The histograms of baseline SPARE-AD scores for MCI-C (left) and MCI-NC (right).
The MCI-NC patients seemed to comprise 3 groups: people with low scores (well into the negative range centered around −1), people with scores around 0 (borderline cases), and people with high scores (well into the positive range centered around +1). We examined the longitudinal trajectories of these three subgroups separately, by obtaining SPARE-AD scores of all follow-ups. We used the following three ranges to subdivide the MCI-NC: SPARE-AD scores > 0.5 (part 1), SPARE-AD scores between −05 and 0.5 (part 2), and SPARE-AD scores below −0.5 (part 3). The average baseline and follow-up SPARE-AD scores are shown in , along with the trajectory of the average SPARE-AD score of the MCI-C group.
Trajectories of average SPARE-AD scores for MCI-C and sub-groups of MCI-NC. Scan #3 is on the average 12 months after Scan #1.

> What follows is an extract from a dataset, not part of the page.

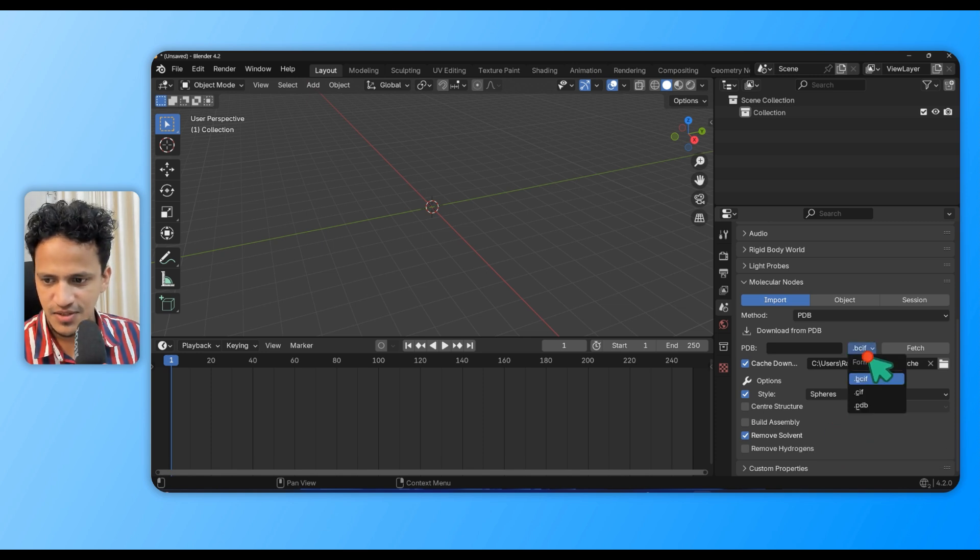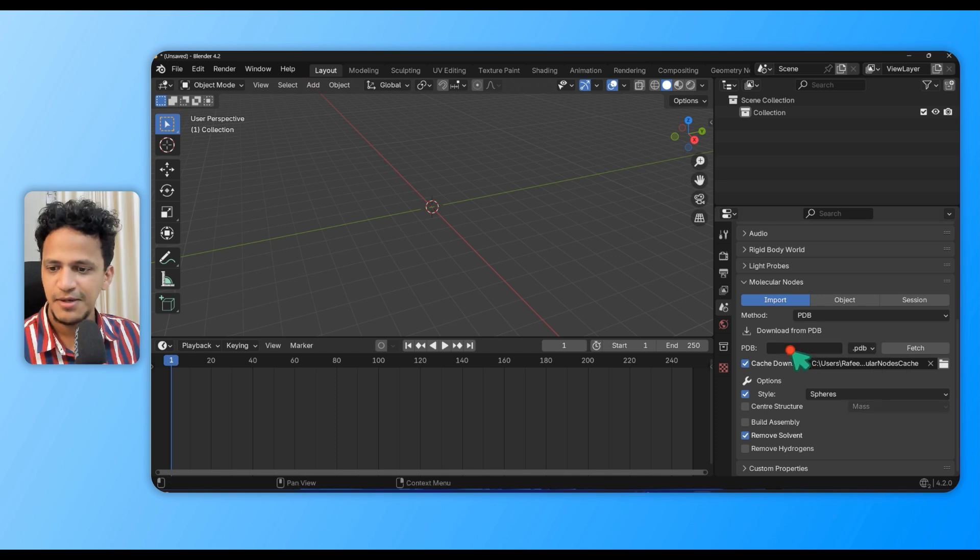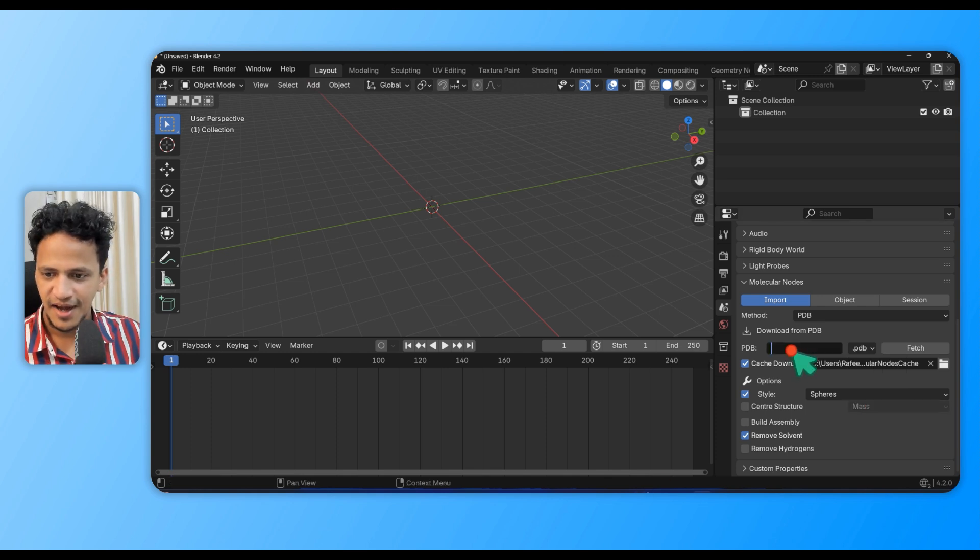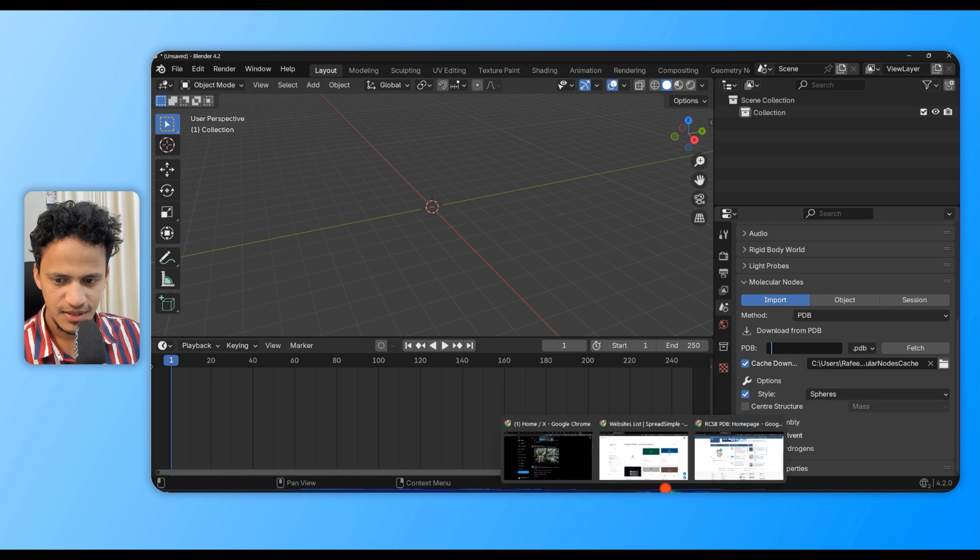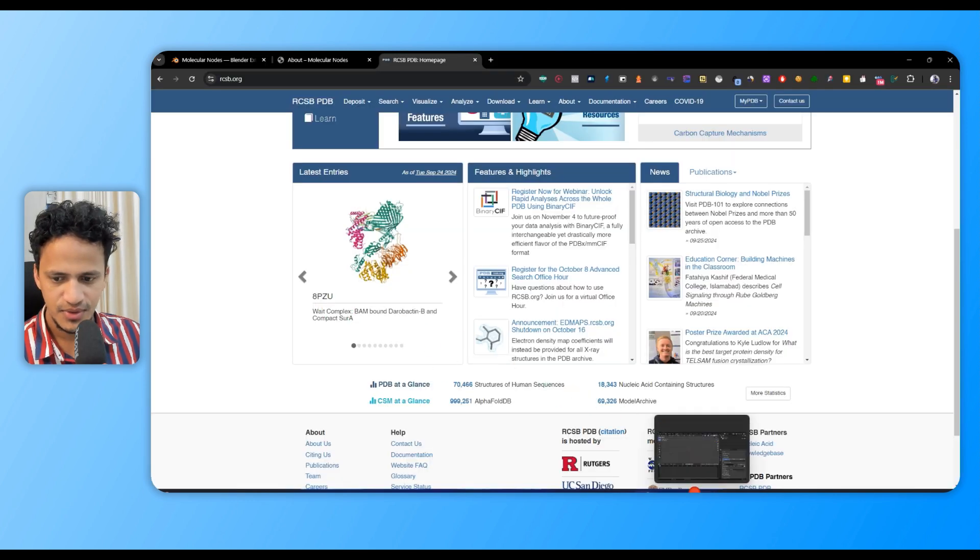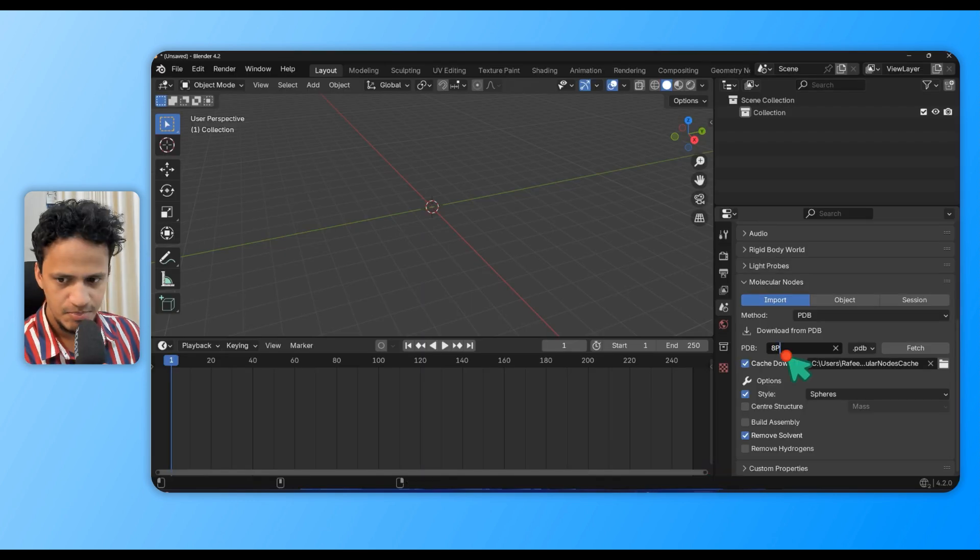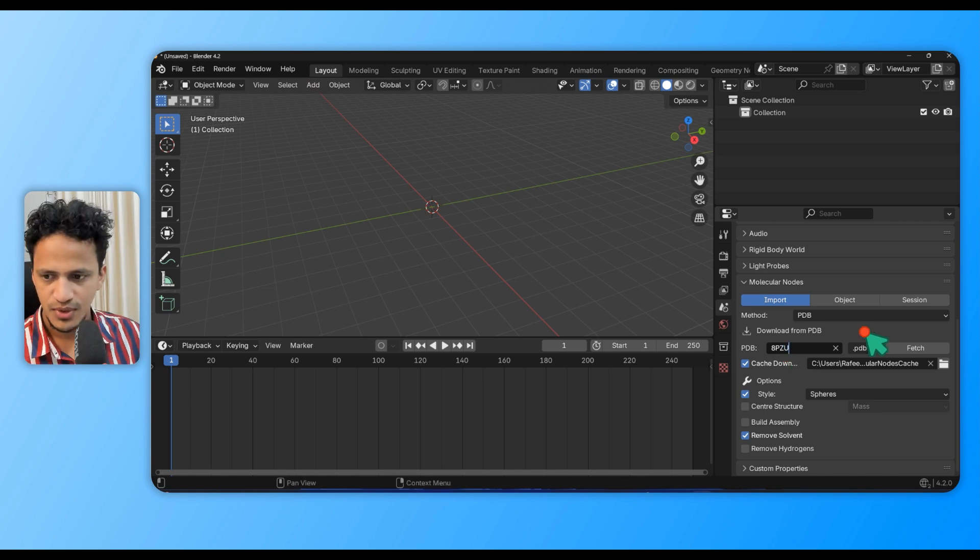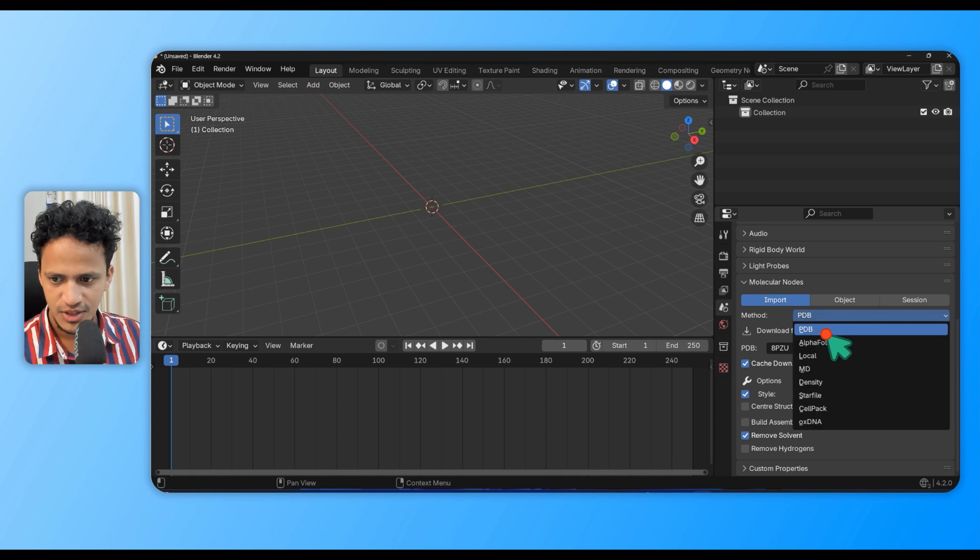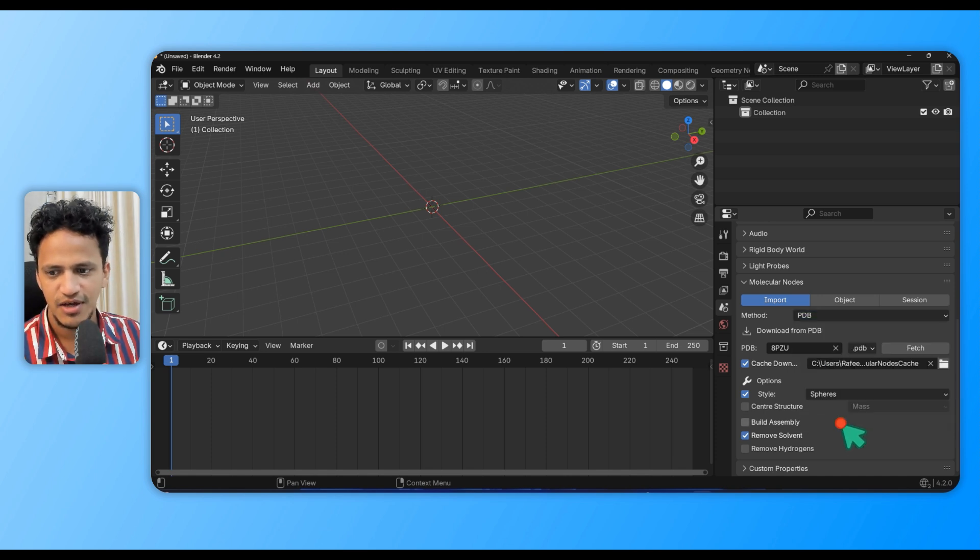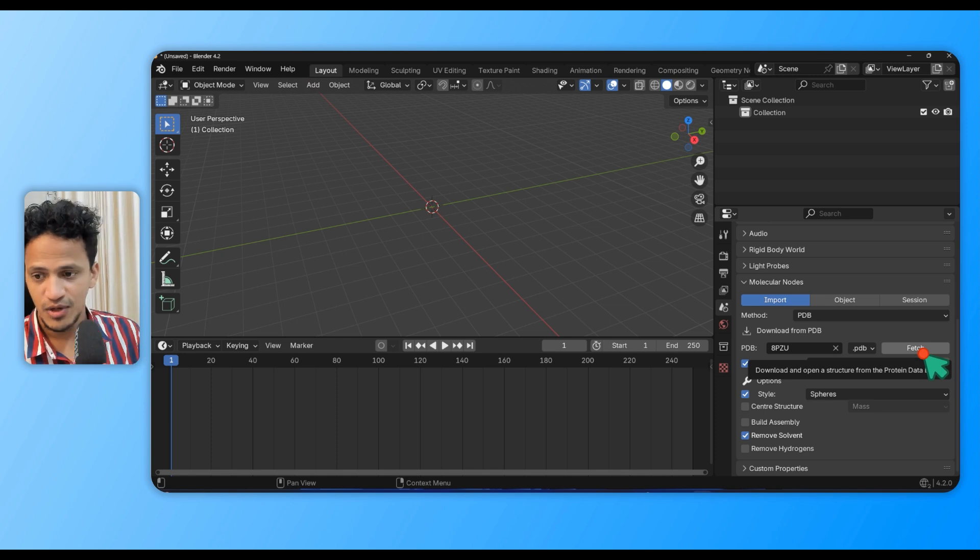Let's import a PDB structure quickly. I'll change this to .pdb and type a random PDB ID of a protein from Protein Data Bank: APZU. Make sure that the file format is PDB here, and here also it is PDB.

Integration of SPARE-AD and CSF in MCI
We only had a complete set of SPARE-AD and CSF biomarker measurements for a subset of 120 MCI patients with follow-up. jointly plots the CSF biomarkers data with SPARE-AD scores for MCI subjects. In order to evaluate the predictive value of combinations of imaging and CSF biomarkers, we used the weka software (http://www.cs.waikato.ac.nz/ml/weka/
), with input that features the SPARE-AD and various CSF biomarkers. A linear support vector machine (SVM)(Vapnik, 1998
) was used in a 5-fold cross-validation framework (20% of the data was left out, training was performed on the rest, and testing on the left-out patients; this procedure was repeated 5 times, with a different set of patients left out each time). The resulting classification accuracies and area under the curve (AUC) measures are shown in . For the SPARE-AD, we also repeated this experiment on all 239 patients (recall that we had CSF and SPARE-AD values for only a subset of 120 patients, whereas we had SPARE-AD values for all 239 patients).
Scatterplots of SPARE-AD against CSF markers Aβ42 and t-tau. The two oblique lines represent the SVM classifiers achieving two different levels of sensitivity, i.e. correct classification of MCI-C: ~82% (dotted line) and ~92% (solid line).
Classification of MCI-C vs. MCI-NC
In order to graphically show the joint value of SPARE-AD and CSF biomarkers, in Fig. 7 we plot the SPARE-AD against CSF tau and Aβ42. In the same plots we include two SVM classifiers determined for different levels of sensitivity (by varying the cost of misclassification of MCI-C relative to MCI-NC, one can create many such SVM separating lines, each of which corresponds to a different point on the ROC).